Выслушал протяжный, недоверчивый смешок Катерины между ушами, улыбнулся в ответ, добавил:
– Ну, или к земле, под бдительным руководством нашего Платон Абысовича. От фонтана к дворцу галерея с колами идёт, как раз на такой случай.
«Так там статуи восковые».
– Пока и так помогает вроде бы. Хотя старый Колычев – не нынешний, а основатель рода – и ругался, говорил, что ненадолго. Посмотрим. А пока такое вот волшебство.
Призрак озадаченно замолчал – его тонкий, протяжный голос раскатился, отразившись звоном от низкого осеннего неба. Григорий хмыкнул, огляделся – на его участке всё тихо, лебеди в пруду плавают, ворон перья чистит, проверяющих или ещё каких нарушителей нет. Даже неугомонный призрак немного отстал, можно делом заняться.
Неведомый доброхот с птичками, помогший при ловле Сеньки, пока не проявлялся. Колычев застрял наверху, в думе. Судя по мелодично звенящим смешкам нагло подслушивающей Катерины – надолго. Святой Трифон тоже не спешил помогать, хотя обещанную свечку Григорий честно поставил с утра пораньше. Почесать в затылке – и то в карауле нельзя. Не говоря уже о том, чтобы куда-нибудь побежать и кого-нибудь за шкирку взять и допросить, желательно – с пристрастием.
Хорошо ещё сегодня ветрено, прохладно, облака серые так и плывут куда-то лениво с холодных северов на юг, к тёплому и бурному по осени морю. Но сухо зато, ни дождя, ни снега. Григорий заныкался в кусты поглубже от ветра и лишних глаз, залез в карман, достал изъятую на обыске у Теодоро связку писем. Пошёл читать всё подряд, ругаясь на тусклый осенний свет и с трудом разбирая вычурные, непривычно для Кременьгарда выглядящие вежливые обороты.

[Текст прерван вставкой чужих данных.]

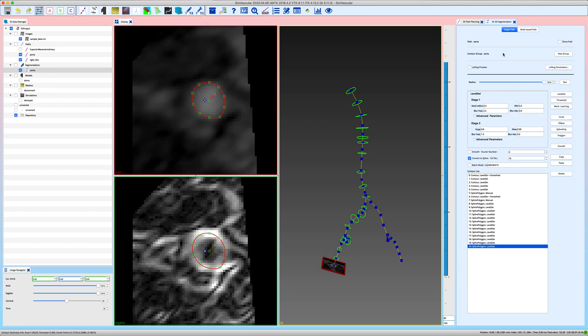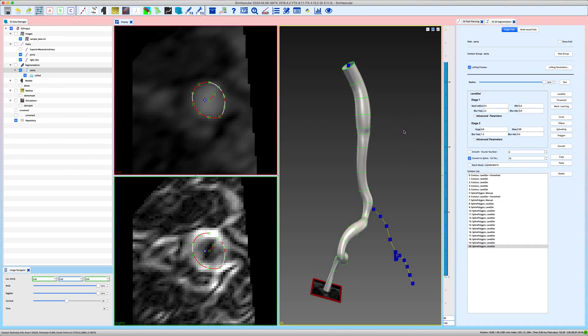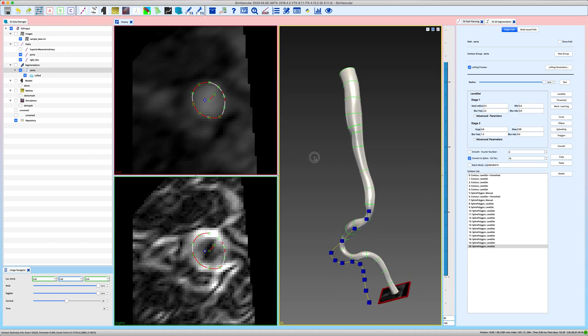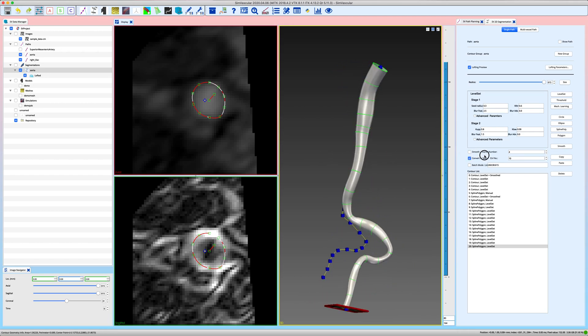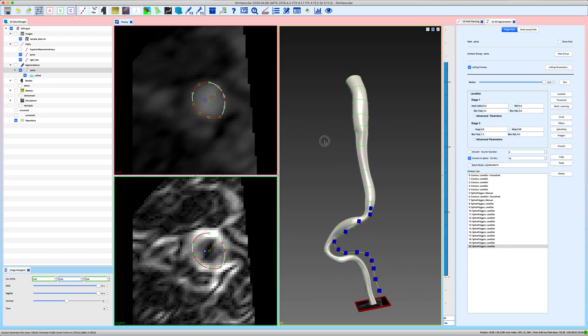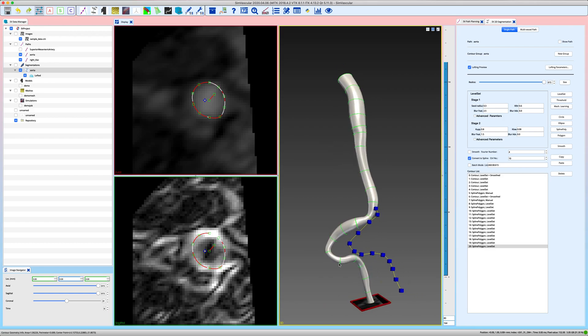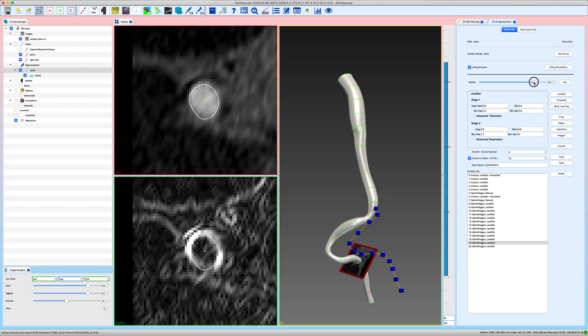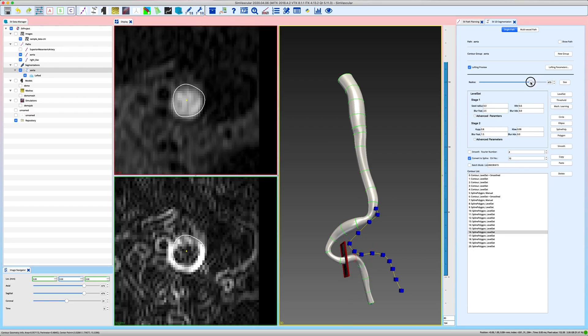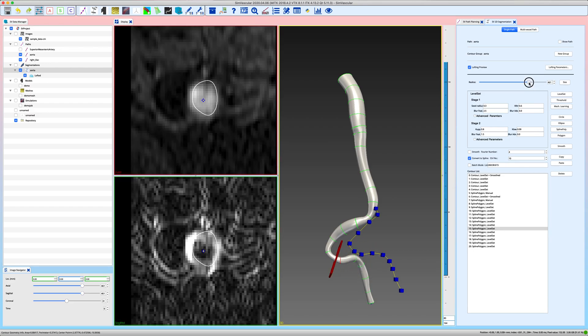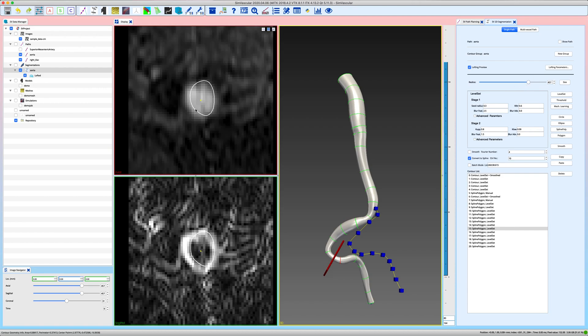And another feature that allows you to judge whether your segmentations are doing okay is this lofting preview window. If you toggle it on you will see the lofting of your final vessel. And you can maybe already see that in this area you might be off a little bit. To better see how far off you are, you can again use your reslice plane and just move along the vessel path. And here we can actually see how our segmentation, the lofted segmentation and the actual vessel differ.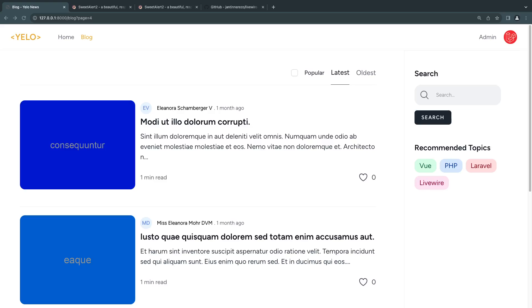Hey guys, welcome back. On today's episode, I'm going to show you how to use or display SweetAlert on your Livewire projects, and we're going to actually implement that ourselves.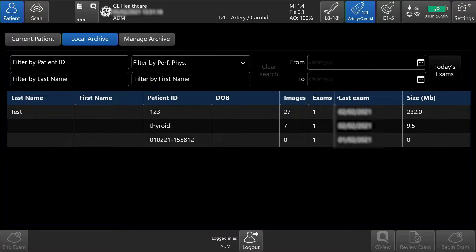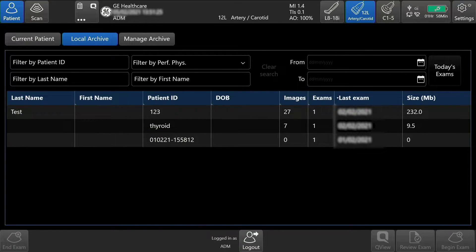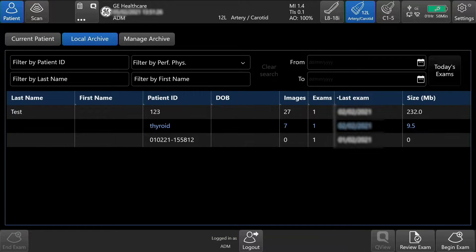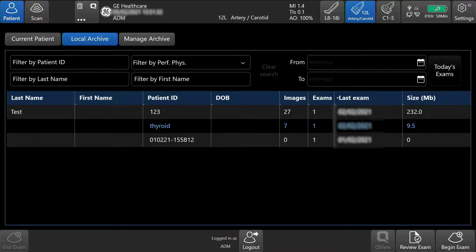To review an exam, tap the patient's exam. In this case, I will tap Thyroid. Then tap Review Exam on the bottom right-hand side of the touch screen.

Вроде ничего такого, всё обычное... Ну, насколько оно может быть обычным в таком состоянии. Немногословные, но искренние до боли в груди письма Катерины, куда более подробные и цветастые – жаль даже, что поддельные – ответы из Трехзамкого, якобы, города. Ничего такого между строк нет, вроде бы – ну разве что литератором покойник Теодоро был хорошим. Не знал бы Григорий заранее, что подделка и отвечает на Катькины листы не заботливая старенькая мама, а не обделённый литературным даром подлец – не поверил бы. Только вот...
Под арками, по галереям дворца раскатилась торжественная, негромкая музыка, в цветных окнах верхнего третьего этажа заиграли неяркие огни. Обед у них там. Торжественный? А может, и не очень, но страже и такого не положено. Завтрак же в брюхе давно кончился и переварился, равно как и утащенный по дороге к дворцу пирожок тоже исчез в зубах у Григория. И в письмах как на грех: «А брокколи да капуста цветная подорожала, зато орех хала самосадом растёт, размолоть – так борщ с ним на диво наваристым получается». И так далее, ещё на пару страниц, описано подробно и вкусно, да так, что Григорий сильно вдруг пожалел, что жрать на посту не положено.
«Слушай, ну просила же – не читать. Личное же», – недовольно прозвенел в голове укоризненный донельзя Катькин голос.